# crappie



## bassman00 (Feb 6, 2007)

Just ate some crappie I caught tonight and they were mushy. Any reason to this? It wasn't my cooking the gills I cooked tasted fine.:corkysm55


----------



## Gillgitter (Nov 5, 2003)

I have the same problem so I don't keep them anymore. I hope someone can tell us what we're doing wrong.


----------



## basskiller46 (Feb 27, 2008)

Deep fry it it works on any fish.


----------



## northlyon (Dec 27, 2009)

try cooking at a lower temp, takes longer but should cook all the way.


----------



## wally-eye (Oct 27, 2004)

Yep that's the knock on them...... only way I've found to tolerate them is deep fry..........

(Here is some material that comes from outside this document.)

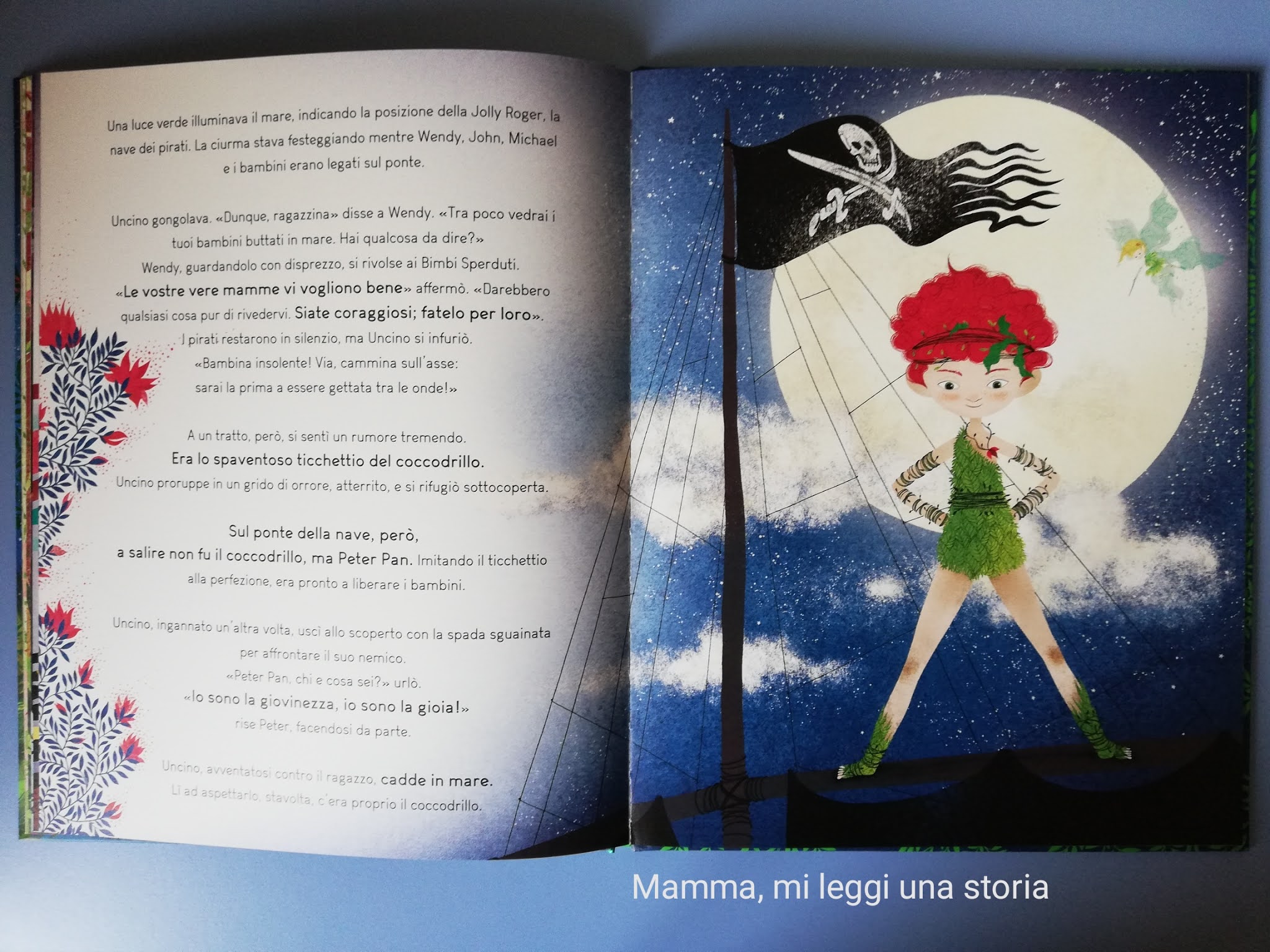 Peter Pan libro illustrato per bambini dai 6 anni Sassi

They are a hoot to catch though...


----------



## SPITFIRE (Feb 10, 2005)

Crappies are mooshier and deep fry is the best way to do it. I prefer mine in drakes batter myself.


----------



## rivrat1959 (Feb 18, 2001)

Thats the nature of them. Although ussually in winter the meat is a little firmer normally. I deep fry mine and it helps.


----------



## William H Bonney (Jan 14, 2003)

Gillgitter said:


> I have the same problem so I don't keep them anymore. I hope someone can tell us what we're doing wrong.

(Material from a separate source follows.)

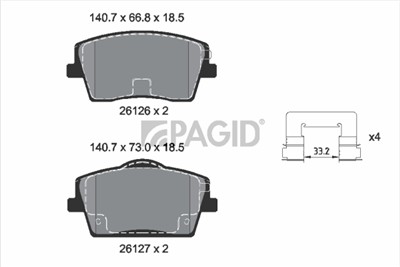 PAGID T3177N Číslo výrobce: 26126.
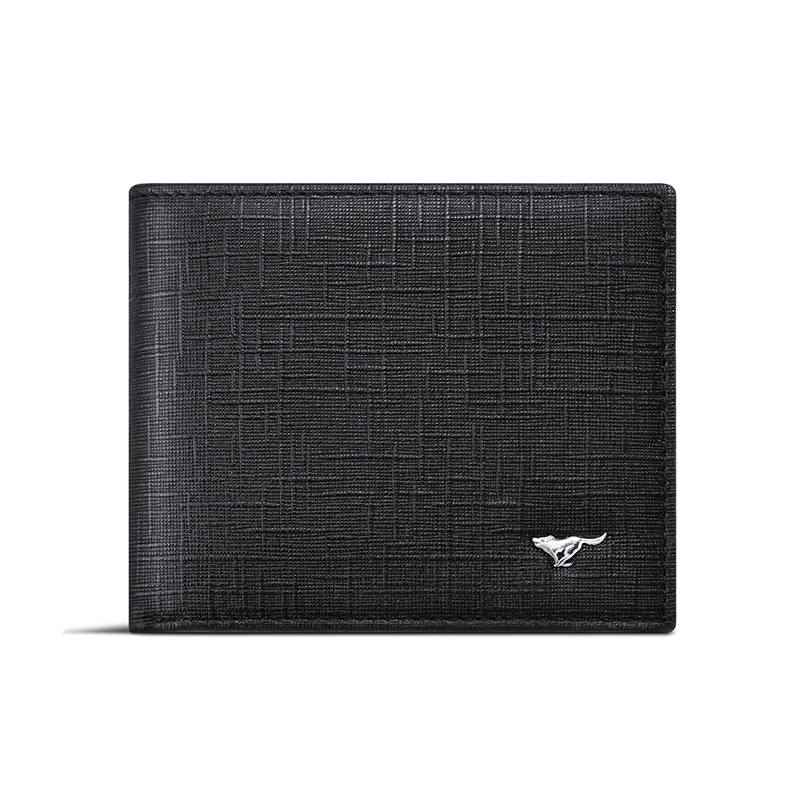 SEPTWOLVES Top Grain Cow Leather Wallet Regular Men's Black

Same here, it's been years since I've kept any CRAPpies.  

Besides the mushy texture, they have that dirty, mucky, seaweedy taste to 'em. Doesn't matter how ya cook 'em, I've deep-fried the snot out of 'em,, it didn't help.


----------



## jigworm (Jan 10, 2003)

Same here. I give the crappies away and keep the gills for myself.


----------



## billymac1970 (Dec 29, 2006)

soak in salt water over night that seems to firm them up for me.


----------



## fishing>women (Oct 25, 2009)

Right after I fillet mine I usually put them in an ice bath. A bunch of ice and some water. The cold helps to firm up the fish a lot. You will notice a difference.


----------



## Hunter10pt (Dec 2, 2007)

I like them cooked in the oven with some season in a cast iron pan.


----------



## usedtobeayooper (Feb 13, 2008)

fishing>women said:


> Right after I fillet mine I usually put them in an ice bath. A bunch of ice and some water. The cold helps to firm up the fish a lot. You will notice a difference.

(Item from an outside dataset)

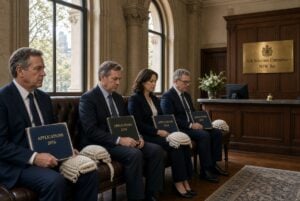 Barristers waiting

Ditto... plus, add a little salt to further drop the temp.


----------



## woodie slayer (Feb 25, 2006)

i don't keep em.toooooooo mushy, i thought it was just me but i guess not.


----------



## Johnny G (May 3, 2007)

i only keep them through the ice... even then, i fry them about the same time i fry walleye. the fillets are thicker, thus need more time to cook.


----------



## Chrome steel (Apr 6, 2003)

I agree about placing them in a bowl of water topped with ice over night will firm up the meat. Also I believe keeping the oil hot as you can get it without burning it will crisp them up.


----------



## jimbo (Dec 29, 2007)

i'm not a big spec fan either.

but , if i keep a few, i'll cut the fillets up into bite size pieces


----------



## TheDrake (Jan 4, 2008)

Friends of mine say they only way to cook them crappies is with a little oil in a cast iron skillet. I dont know how or why but said they are firmer and crispier! Ryan


----------



## 9mmruger1 (Apr 3, 2002)

I love em. I keep them all year round. Fillet, cut out the lateral line bones, immerse in ice cold salt water over night and fry up in drakes. Yummie. They are softer than a gill however. Gills are better, but I won't turn down a crappie anytime, unless it's too small.


----------



## crossneyes (Sep 26, 2005)

I use straight ice.place fillet's in bowl cover with ice no water.put in fridge overnight,fry up next day.i think water makes all fish mushy.


----------



## ibthetrout (Sep 24, 2003)

i had the same problem and my buddy's wife told me that they needed to be chilled over night in water and then the meat would be firm. That seems to jive with what many people are saying here.


----------



## ricochet (May 10, 2008)

This is the first time i ever heard anybody complain about Crappies, this a new one for me


----------



## gooseboy (Jul 11, 2008)

if I have a plate full of deep fried gills and specs I can sure tell which ones are the crappies by taste, I usually try to eat the gills myself and leave the crappies for the kids...


----------



## Ieatantlers (Oct 7, 2008)

ricochet said:


> This is the first time i ever heard anybody complain about Crappies, this a new one for me


Crappies are nasty. Its about like eating a small bass. Some people eat carp though too. Whatever floats your boat. I haven't ate a crappie in a few years, but they are fun to catch.


----------



## fathom this (Feb 10, 2008)

northlyon said:


> try cooking at a lower temp, takes longer but should cook all the way.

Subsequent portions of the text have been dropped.